> _Task directions_
Set every line of the data down again exactly, and keep the pictures out.
### Supplied information
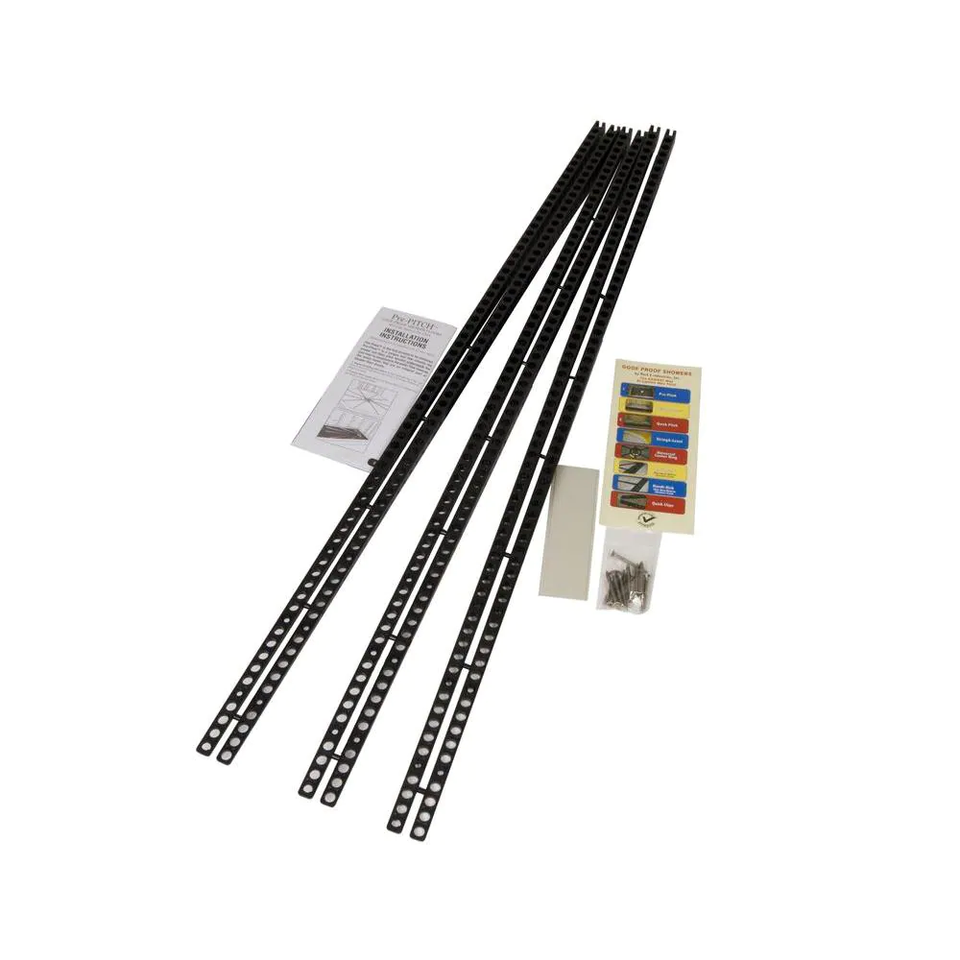 PrePitch Installation Kit Custom Pitch Shower Pan Slope Liner Drain Sub Floor eBay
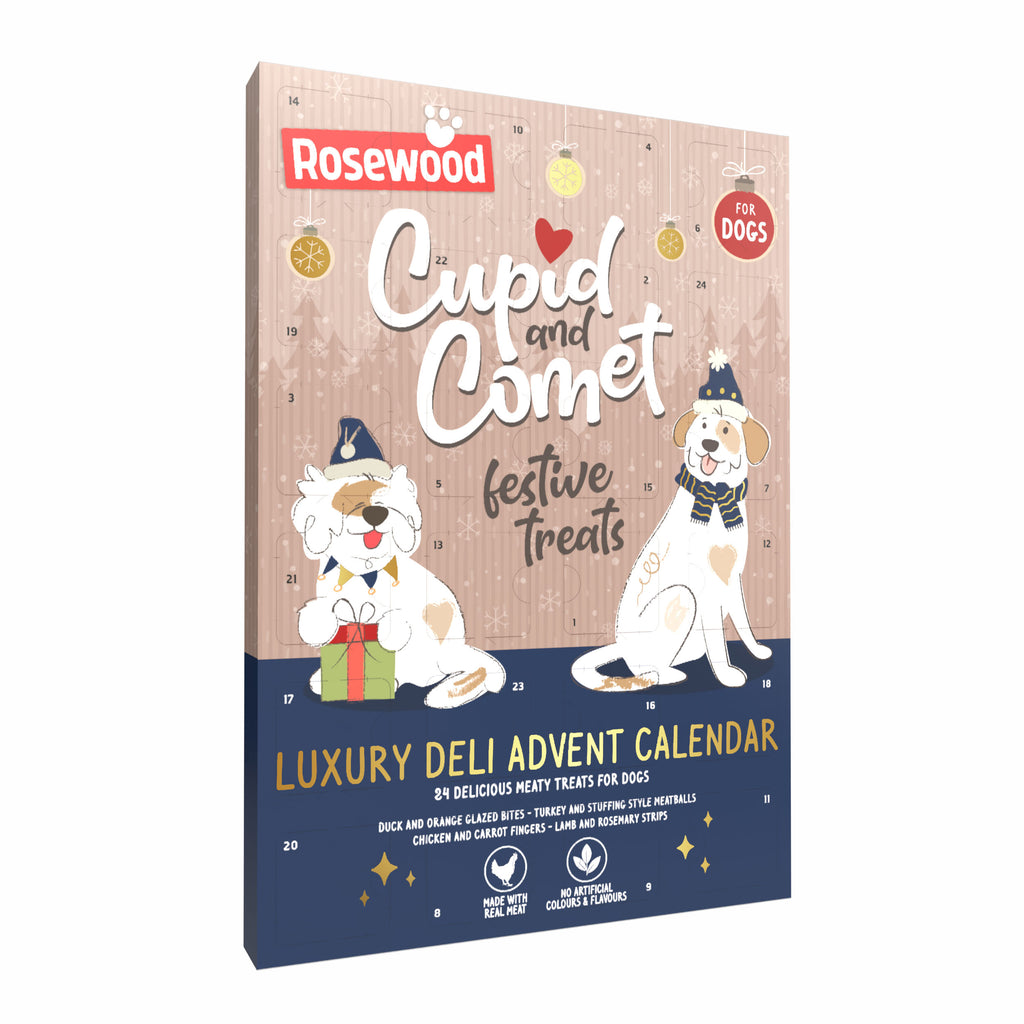 Rosewood Christmas Luxury Dog & Cat Advent Calendars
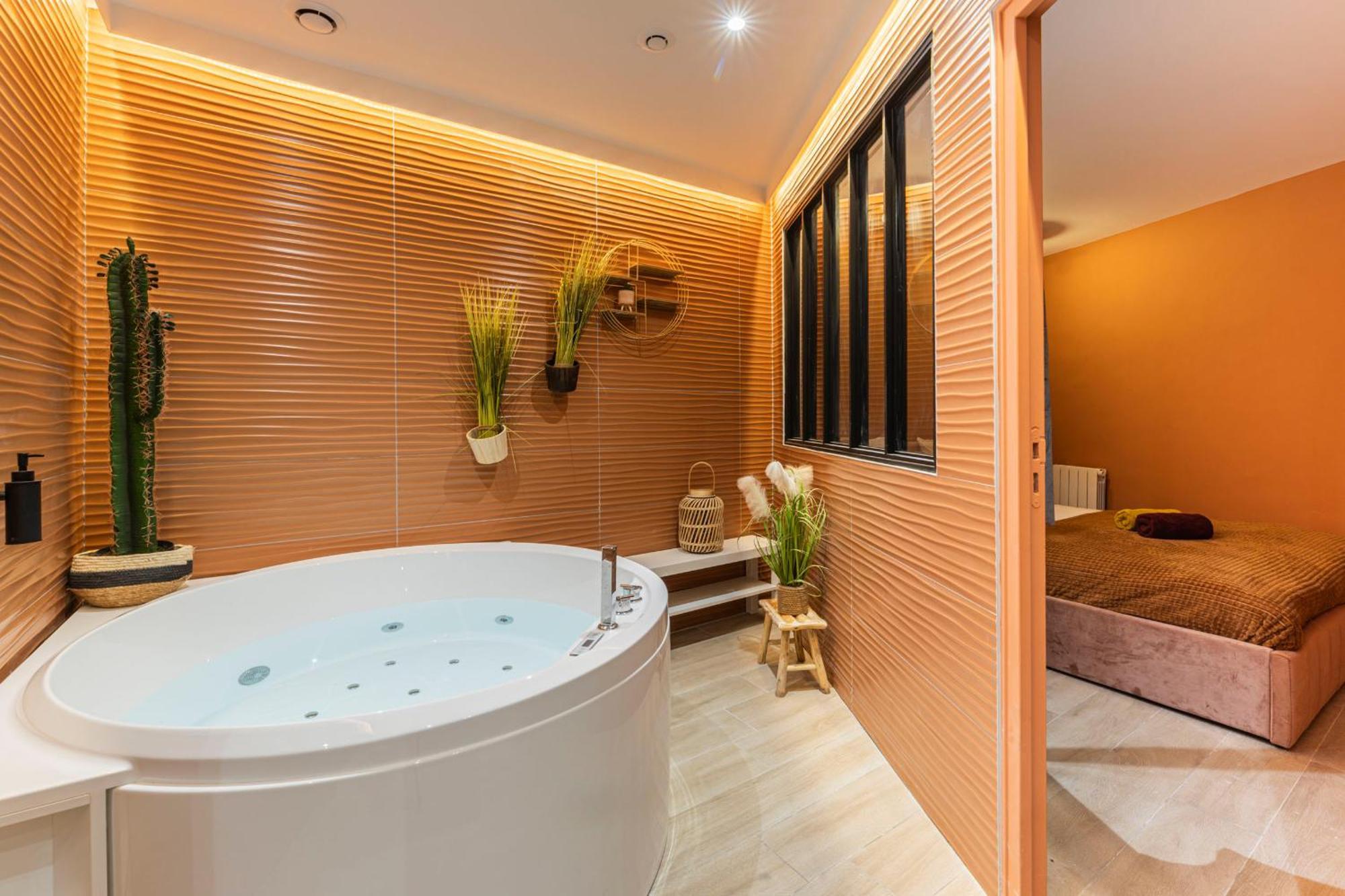 Appartamento Marais Pompidou 3e, Jacuzzi, 2 Chambres, 4 A 6p *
######
> _Written response_
 PrePitch Installation Kit Custom Pitch Shower Pan Slope Liner Drain Sub Floor eBay
 Rosewood Christmas Luxury Dog & Cat Advent Calendars
 Appartamento Marais Pompidou 3e, Jacuzzi, 2 Chambres, 4 A 6p *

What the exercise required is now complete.